Iron-sulphur proteins in the succinate oxidase system

Abstract

1. Succinate reduces at least three different species of iron-sulphur protein, detectable by EPR spectroscopy at 82° K, in sub-mitochondrial particles or preparations of Complex I + II + III. Two of these species (symbolized as Fe-S S and Fe-S P 1 ) are rapidly reduced by succinate in non-phosphorylating particles, the third (Fe-S P 2 ) is slowly reduced. 2. The reduction of Fe-S S is unaffected by addition of 2-thenoyltrifluoroacetone (TTFA), or by extraction of the dried particles with pentane.

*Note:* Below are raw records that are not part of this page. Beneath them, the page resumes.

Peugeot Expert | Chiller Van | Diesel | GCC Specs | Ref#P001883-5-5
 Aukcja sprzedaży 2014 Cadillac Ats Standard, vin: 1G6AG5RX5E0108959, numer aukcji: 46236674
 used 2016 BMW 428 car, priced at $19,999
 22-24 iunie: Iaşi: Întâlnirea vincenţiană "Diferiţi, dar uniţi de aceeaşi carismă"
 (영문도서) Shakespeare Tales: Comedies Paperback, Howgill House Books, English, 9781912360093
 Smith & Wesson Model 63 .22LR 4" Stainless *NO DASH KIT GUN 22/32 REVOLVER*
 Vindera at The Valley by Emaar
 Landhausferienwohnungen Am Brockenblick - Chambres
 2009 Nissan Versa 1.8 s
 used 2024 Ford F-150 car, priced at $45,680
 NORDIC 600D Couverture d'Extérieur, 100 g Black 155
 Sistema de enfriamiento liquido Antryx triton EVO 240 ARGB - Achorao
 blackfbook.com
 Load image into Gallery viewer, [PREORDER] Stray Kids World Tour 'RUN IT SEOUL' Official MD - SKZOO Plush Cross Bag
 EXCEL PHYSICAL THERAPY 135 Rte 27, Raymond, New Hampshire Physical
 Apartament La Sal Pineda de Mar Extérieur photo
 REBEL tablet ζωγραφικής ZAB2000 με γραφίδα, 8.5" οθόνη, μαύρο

This species probably belongs to succinate dehydrogenase. 3. Reduction of the other rapidly reduced species (Fe-S P 1 ) is inhibited by addition of TTFA or by pentane extraction. Re-incorporation of Q-10 or ‘P’ ( Albracht, Van Heerikhuizen and Slater, FEBS Lett., 13 (1971) 265) restores the rate of reduction. 4. Antimycin blocks about one-half of the EPR signal of the slowly reduced species (Fe-S P 2 ). 5. All three iron-sulphur species reducible by succinate have similar EPR spectra with g z = 2.02, g y = 1.94 and g x = 1.92. 6. NADH also reduces these iron-sulphur species as well as those associated specifically with NADH dehydrogenase. 7. The bleaching of a pigment absorbing at 460 nm brought about by addition of succinate to pentane-extracted particles is largely (62 %) due to reduction of succinate dehydrogenase (flavin and Fe-S S). Fe-S P 1 , Fe-S P 2 and cytochrome b contribute to the extent of 15 %. The component responsible for the remainder (23 %) has not been identified. Its reduction is inhibited by TTFA. 8. A model of the respiratory chain is proposed that takes account of the recently discovered electron carriers.